Crypto world opens up opportunities for solicitors, says SRA


Cryptocurrencies: Price fluctuation a problem for solicitors

Solicitors could improve their productivity by using distributed ledger technology (DLT) but need to take care if a client wants to pay by cryptocurrency, the Solicitors Regulation Authority (SRA) has cautioned.

A Risk Outlook report published yesterday looked at the different forms of DLTs and said smart contracts were an example of one that offered law firms the chance to work more quickly and save costs.

“The high potential cost and time savings from wider use of smart contracts will mean a likely growth in demand for their use.

“Firms that adopt these systems will be able to benefit from increasing productivity, handling greater numbers of largely automated transactions.

“Some contracts can involve a routine, manual process. Automatic drafting and contract management processes can free up more time for high-value work and allow for more transactions at a lower cost.”

Another DLT, electronic signatures, are a particular focus of HM Land Registry to help speed up conveyancing transactions, while Search Acumen – which has taken part in a global DLT trial for property transactions – estimated that conveyancers could save up to five hours per matter.

The SRA said DLT also enhanced “traceabilty” – as they made it harder to tamper with or forge data – and could reduce the risk of fraud.

“A blockchain-based conveyancing system, for example, could reduce the risk of fraudulent access or alteration of property or transaction records, increase efficiency due to automated due diligence processes, and reduce or eliminate legal and title costs for consumers.”

But the regulator also highlighted a series of barriers and threats, such as trustworthiness. “Although blockchain provides a transparent and reliable trail, it can be complex and many systems allow identities to be hidden.

“This can reduce trust in the system. For example, accidental transfers of money are difficult or impossible to reverse.”

When it came to anti-money laundering, “the involvement of anonymised cryptocurrencies will raise the money laundering, terrorist financing and sanctions risk in transactions.

“Firms may be exposed to this risk without warning, for example if an estate being handled in probate proves to include crypto-assets.” Source of funds checks may also be tougher.

The SRA said firms might find clients wishing to pay bills in cryptocurrency. This raised various issues, such as the client account rules requiring money held on account to be held in a bank or building society.

“As there are no compliant client accounts for crypto-assets offered by banks or building societies at present, payment for services in crypto assets will only be possible after the services have been provided or as a fixed fee.”

Meet price transparency requirements could be trickier, bearing in mind the high fluctuations in value of crypto currencies, the report added.

But the SRA suggested that the current falls in cryptocurrency values and the failure of exchanges “represent the end of the initial boom in values often seen with investment in a new technology”.

It continued: “They are likely to drive innovation in new forms of cryptocurrency that do not have the problems of the existing versions.

“Part of the motive for the development of new ‘stablecoins’ has been to produce cryptocurrencies with more predictable values to make them a more widely usable type of asset.

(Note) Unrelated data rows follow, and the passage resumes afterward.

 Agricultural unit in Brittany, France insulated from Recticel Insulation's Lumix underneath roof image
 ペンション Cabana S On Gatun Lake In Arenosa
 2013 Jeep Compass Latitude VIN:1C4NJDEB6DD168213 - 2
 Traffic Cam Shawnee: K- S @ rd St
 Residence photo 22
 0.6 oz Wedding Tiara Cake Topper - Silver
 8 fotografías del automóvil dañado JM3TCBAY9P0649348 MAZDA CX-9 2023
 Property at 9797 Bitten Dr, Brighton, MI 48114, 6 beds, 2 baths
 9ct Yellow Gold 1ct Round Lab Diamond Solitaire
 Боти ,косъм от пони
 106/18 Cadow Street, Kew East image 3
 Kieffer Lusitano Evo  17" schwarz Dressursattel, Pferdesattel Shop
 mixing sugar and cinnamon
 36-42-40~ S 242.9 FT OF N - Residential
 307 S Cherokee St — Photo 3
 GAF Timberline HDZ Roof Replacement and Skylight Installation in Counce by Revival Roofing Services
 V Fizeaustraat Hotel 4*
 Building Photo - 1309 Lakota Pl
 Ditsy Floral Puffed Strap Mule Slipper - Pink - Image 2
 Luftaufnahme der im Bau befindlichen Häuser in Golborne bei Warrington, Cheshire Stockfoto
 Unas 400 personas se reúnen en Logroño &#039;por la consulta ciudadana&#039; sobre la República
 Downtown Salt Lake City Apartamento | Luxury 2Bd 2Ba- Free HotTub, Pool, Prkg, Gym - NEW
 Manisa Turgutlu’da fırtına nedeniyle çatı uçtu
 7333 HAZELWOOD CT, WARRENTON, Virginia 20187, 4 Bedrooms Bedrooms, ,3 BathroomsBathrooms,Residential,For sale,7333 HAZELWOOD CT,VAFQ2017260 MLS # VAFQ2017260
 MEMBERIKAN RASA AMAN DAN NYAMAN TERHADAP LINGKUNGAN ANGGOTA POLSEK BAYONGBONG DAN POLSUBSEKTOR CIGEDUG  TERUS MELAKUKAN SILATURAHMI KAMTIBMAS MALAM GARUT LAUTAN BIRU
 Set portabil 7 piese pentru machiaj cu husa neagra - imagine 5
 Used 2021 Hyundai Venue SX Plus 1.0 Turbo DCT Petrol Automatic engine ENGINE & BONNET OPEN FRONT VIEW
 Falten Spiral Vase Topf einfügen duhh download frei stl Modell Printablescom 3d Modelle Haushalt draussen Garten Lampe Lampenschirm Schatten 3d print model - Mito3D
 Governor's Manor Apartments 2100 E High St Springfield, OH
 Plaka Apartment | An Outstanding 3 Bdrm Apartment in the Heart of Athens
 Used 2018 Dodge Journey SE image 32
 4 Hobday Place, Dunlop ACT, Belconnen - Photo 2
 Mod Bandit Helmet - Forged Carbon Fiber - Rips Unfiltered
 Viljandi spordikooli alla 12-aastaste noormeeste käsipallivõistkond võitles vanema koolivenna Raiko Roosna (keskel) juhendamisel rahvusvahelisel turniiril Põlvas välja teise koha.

“If these new forms of cryptocurrency are also linked to secure digital identity standards, then they might help to reduce fraud and money laundering by providing unequivocal records of who the parties to transactions were.”

SRA chief executive Paul Philip said: “Some firms are at the front of the queue when it comes to adopting new ways of working while others need to be aware of what’s happening so they can properly support their clients and manage the impact on their business.”